Мы видим настоящую одержимость механизированным телом, способным на любые достижения. Она становится заметной начиная еще с великолепного символа XX века, «Механической головы» (1919) Рауля Османна, которую также называют «Дух нашего времени». Речь идет о голове деревянного манекена с различными механическими протезами, линейкой и серийным номером на лбу — это еще не татуировка концентрационного лагеря и не товарный штрих–код, но может ими стать. Футуризм, конструктивизм, Дада, фотография и хореография Баухауса с их монтажом, совмещающим тело и детали машин, осветленными фотографиями, рабочей формой и сценическими костюмами в духе продуктивизма, прославляют тело как норму и эталон, тело цивилизации рабочих и производителей. Отныне новый индивид — это механизированный, стандартизированный человек, человек Родченко и Шлеммера, танцор механического балета, инженер мира и строитель будущего.
Эта одержимость ясно представлена в самом центре изображений нового человека в искусстве немецкого нацизма и итальянского фашизма, в советском сталинистском искусстве. Однако в то же время мы находим ее в мексиканской монументальной настенной живописи с ее мускулистыми героями, атлетами свободы, восстающими, чтобы сорвать свои цепи.
Акцент все чаще ставится на прославлении и достаточно редко на критике. Даже дадаизм двойственен в оценке механического человека, и мы не знаем, осуждает он его или воспевает (например у Пикабиа). Фактически на рубеже 1920‑х — 1930‑х годов мы видим распространение вопроса о новом человеке и приспособленном для его функционирования рае (аде) технических сообществ. Рассуждения об этом новом человеке, порожденном наукой и промышленностью, слишком часто подпитывались надеждами на советскую революцию и были далеки от негативности. Люди действительно ждали благоприятного будущего, лучшего из миров, мира рабочих, атлетов и полубогов организованного технократического общества. С этой точки зрения продукция тоталитарного искусства продолжает волюнтаристскую мечту об идеальном городе, добавляя к ней стереотипы мифологизированного прошлого и каноны академизма, особенно в нацистском искусстве.

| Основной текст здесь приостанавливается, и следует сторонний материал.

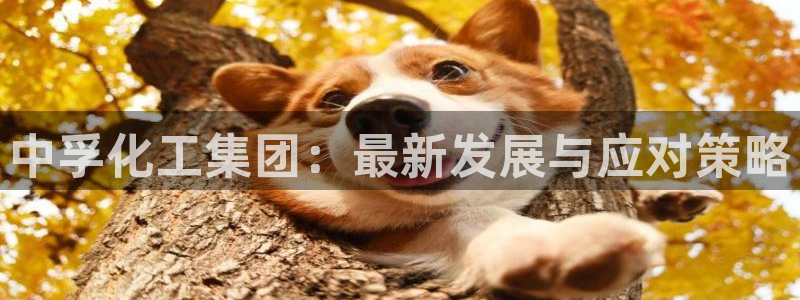 球盟会登录网址：中孚化工集团：最新发展与应对策略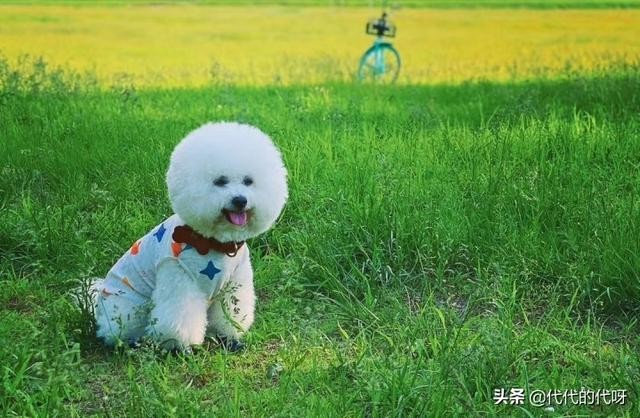 比熊犬有什么优缺点？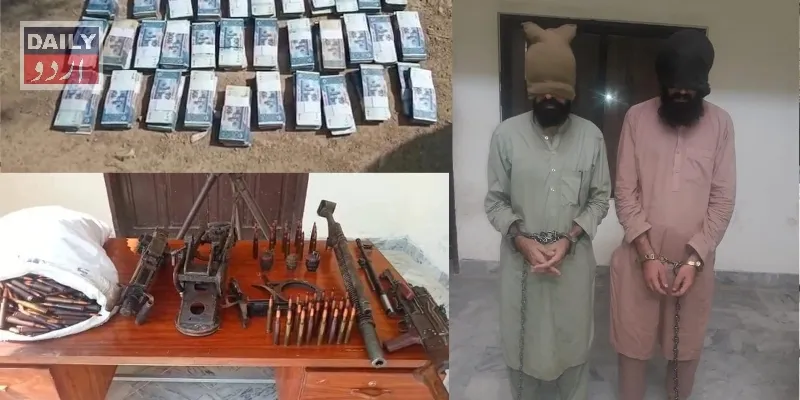 دہشتگردی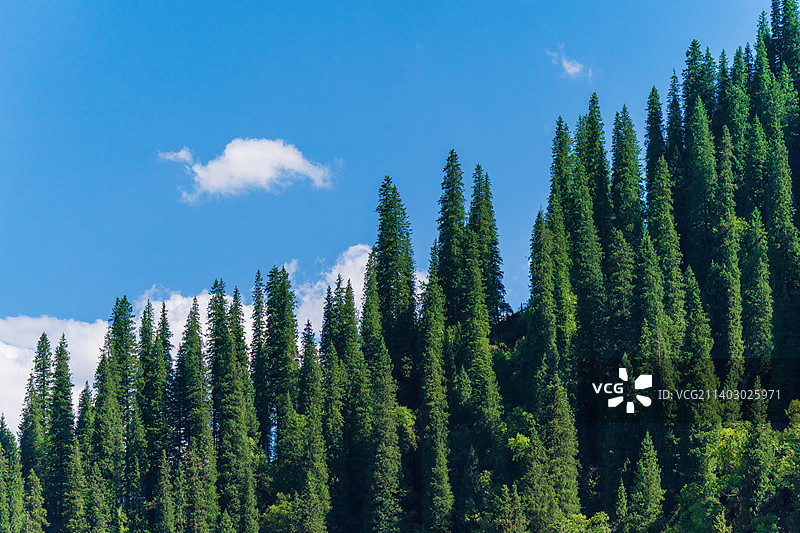 唐布拉草原风光图片素材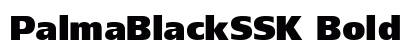 PalmaBlackSSK Bold Preview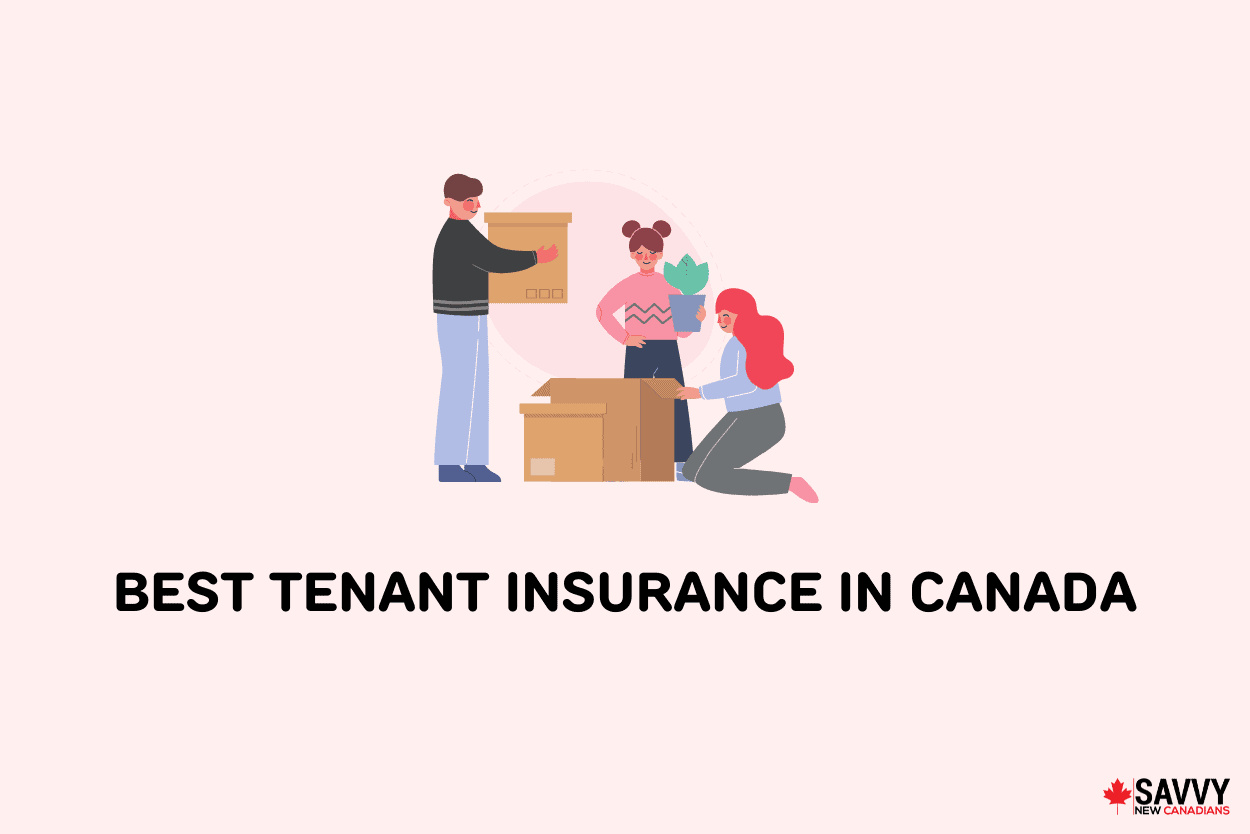 Best Tenant Insurance in Canada 2022: How it Works and Top Providers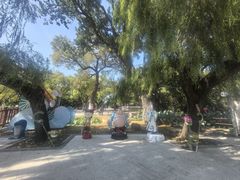 -北陵公园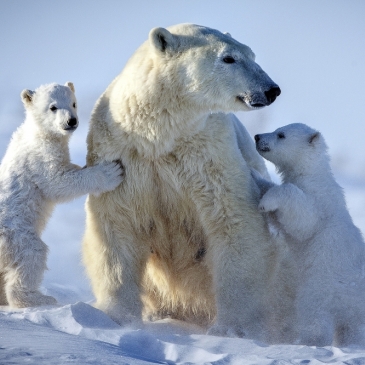 Тест на знание белых медведей 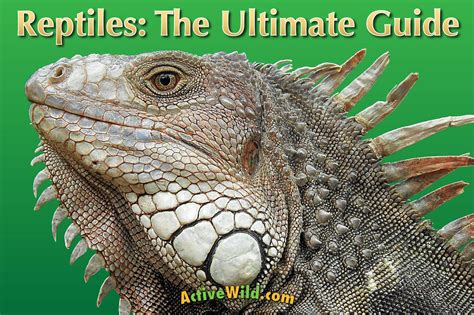 Reptiles The Ultimate Guide All You Need To Know About Reptiles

В противовес позитивному взгляду на тело ужасы войны 1914–1918 годов и последовавших за ней революций и гражданских войн иначе отозвались в художественной образности. Дадаистские коллажи (особенно коллажи берлинских дадаистов, сильнее всего отмеченные политическим и военным насилием), военная живопись, иконография немецких художников Новой вещественности, рисунки и фотомонтаж 1920‑х годов показывают расчлененные, вывихнутые, искаженные тела, изуродованные и искалеченные лица.
Однако смущает то, что отражения этих ужасов в искусстве не пропорциональны пушечному мясу ни по количеству, ни по интенсивности. Искусство не вышло на уровень катастрофы.
Тому было несколько причин.
С одной стороны, существуют границы эстетизации ужаса, пределы, которые мы различаем через двадцать лет в феномене концентрационных лагерей. Ужас никогда не принимается искусством легко, особенно когда оно не стремится быть документальным[1229]
. Военная фотография, обремененная тяжестью аппаратуры, по–настоящему не свидетельствовала об ужасе траншей, а когда ей это удавалось, ее запрещали как по политическим причинам, так и из сочувствия жертвам. Что касается «новостных лент», которые показывали во время I Мировой войны и русской революции, то по техническим или пропагандистским причинам это всегда была кинематографическая реконструкция, монтаж: никто не снимал на передовой, а если бы такие съемки и велись, вряд ли их результаты разрешили бы показывать. Может быть, только несколько художников в рамках официальной традиции батальной живописи оставили сильные свидетельства о войне, практически не существующей в искусстве.